*** Opening of Provided data ***

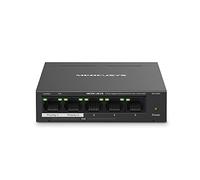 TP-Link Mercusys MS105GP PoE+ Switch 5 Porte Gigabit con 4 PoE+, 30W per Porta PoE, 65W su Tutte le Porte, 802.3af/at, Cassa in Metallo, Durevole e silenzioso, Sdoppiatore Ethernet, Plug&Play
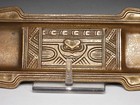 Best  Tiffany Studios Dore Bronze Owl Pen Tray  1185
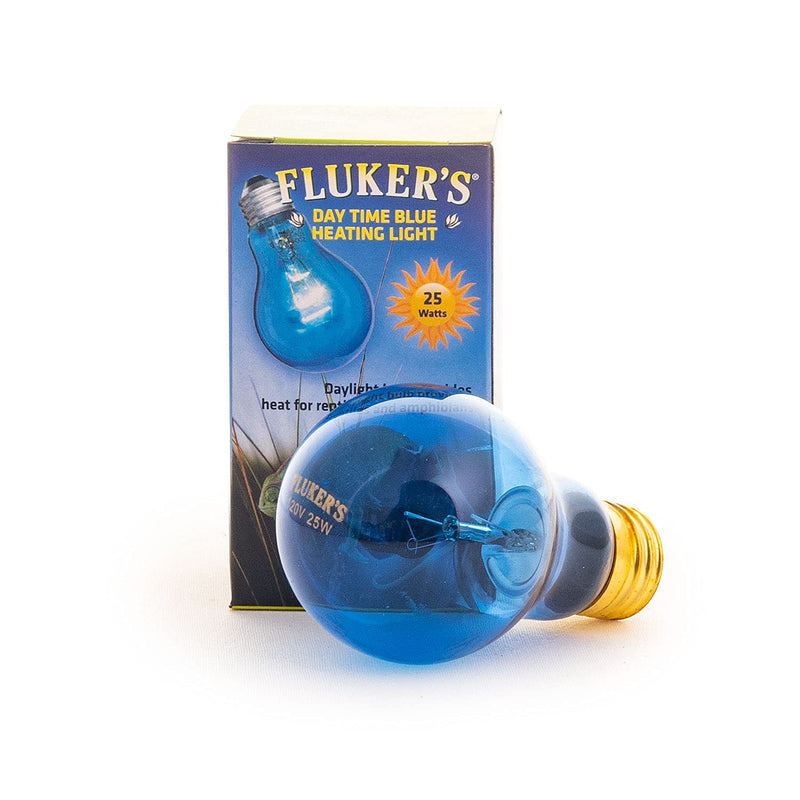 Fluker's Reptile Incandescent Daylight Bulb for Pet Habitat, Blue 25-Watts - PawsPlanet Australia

*** Close of Provided data ***

- _Aim of the task_
The line containing "Tiffany Studios Dore" marks the end; please output exactly the lines of the listing above from its first line through that line, without pictures.

- _Exercise output_
 TP-Link Mercusys MS105GP PoE+ Switch 5 Porte Gigabit con 4 PoE+, 30W per Porta PoE, 65W su Tutte le Porte, 802.3af/at, Cassa in Metallo, Durevole e silenzioso, Sdoppiatore Ethernet, Plug&Play
 Best  Tiffany Studios Dore Bronze Owl Pen Tray  1185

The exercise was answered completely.